Nearly 3 in 10 Medicare households spent 20 percent or more of their total household spending on health-related expenses in 2016, while only 6 percent of non-Medicare households did so.

Given the higher average spending on health-related expenses by Medicare households than non-Medicare households, it follows that a larger share of Medicare households spent 20 percent or more of their total household spending on health care. Nearly five times as many Medicare households as non-Medicare households devoted 20 percent or more of their total household spending to health-related expenses in 2016 (29% vs. 6%, respectively). The share of Medicare households with health care spending at this level increased by age, with 4 in 10 households with the oldest member age 85 or older devoting at least 20 percent of their total household spending to health-related expenses, compared to one-fourth (25%) of households with the oldest member age 65 to 74.

Some Medicare households incurred an even greater health care spending burden relative to their total household spending: just over 1 in 10 Medicare households (12%) spent 30 percent or more of their total household spending on health-related expenses, while 4 percent of Medicare households spent 40 percent or more on health care.

Conclusion

Medicare households spent 14 percent of their total household expenses on health-related expenses in 2016, on average—more than twice than the share among non-Medicare households. The financial burden of out-of-pocket health spending fell disproportionately on older households and those with modest incomes. Low-income Medicare households with no members who are also covered by Medicaid faced a higher health spending burden than low-income households where all members also have Medicaid coverage.

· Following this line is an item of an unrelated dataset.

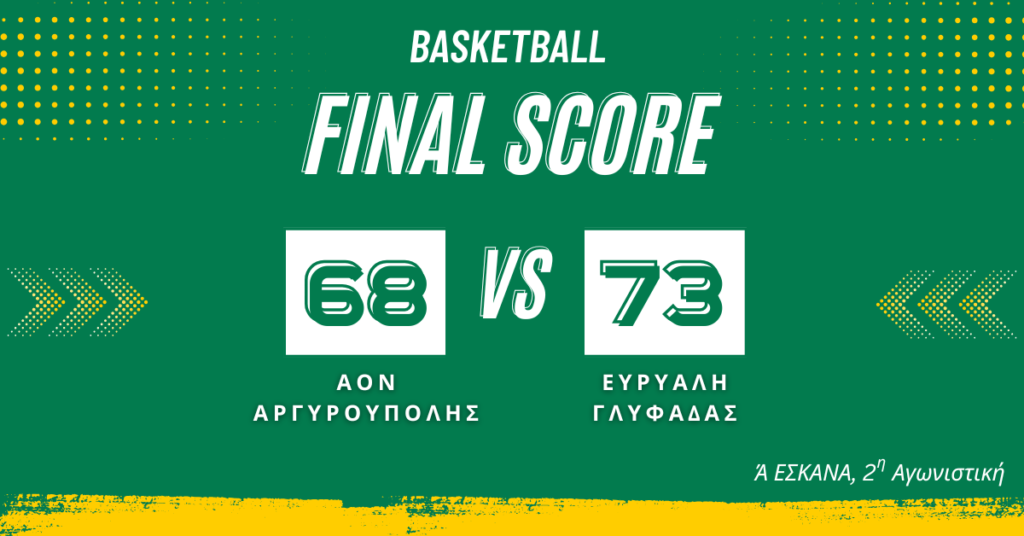 A ESKANA BASKET 2 AGONISTIKI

The higher financial burden associated with health-related expenses for Medicare households is attributable both to their lower average total household spending than non-Medicare households ($37,962 and $58,810, respectively) and their higher average health care spending ($5,355 and $3,809, respectively). Even if non-Medicare households spent the same amount on health expenses that Medicare households did, the spending burden would still be higher for Medicare households due to their lower average total household budget. These findings highlight the importance of monitoring health care affordability among Medicare beneficiaries—a majority of whom already live on tight budgets.

Methodology

This analysis uses data from the Bureau of Labor Statistics 2016 Consumer Expenditure Survey (CE). The CE provides data on expenditures, income, and demographic characteristics of consumers in the United States. The CE is a survey of households (“consumer units”), excluding people residing in institutions such as long-term care facilities. A consumer unit consists of any of the following: (1) all members of a particular household who are related by blood, marriage, adoption, or other legal arrangements; (2) a person living alone or sharing a household with others or living as a roomer in a private home or lodging house or in permanent living quarters in a hotel or motel, but who is financially independent; or (3) two or more persons living together who use their incomes to make joint expenditure decisions. Financial independence is determined by spending behavior with regard to the three major expense categories: housing, food, and other living expenses.

The estimates presented in this analysis are averages for demographic groups of consumer units, not per capita estimates, and thus are not comparable to estimates based on other surveys that report per capita estimates, such as out-of-pocket health care spending reported in the Medicare Current Beneficiary Survey. Expenditures by individuals would differ from the average even if the characteristics of the group are similar to those of the individual. Another source of differences between averages reported here and elsewhere is that the spending data are based on survey self-reports and therefore are subject to nonsampling error, including the inability or unwillingness of respondents to provide accurate data.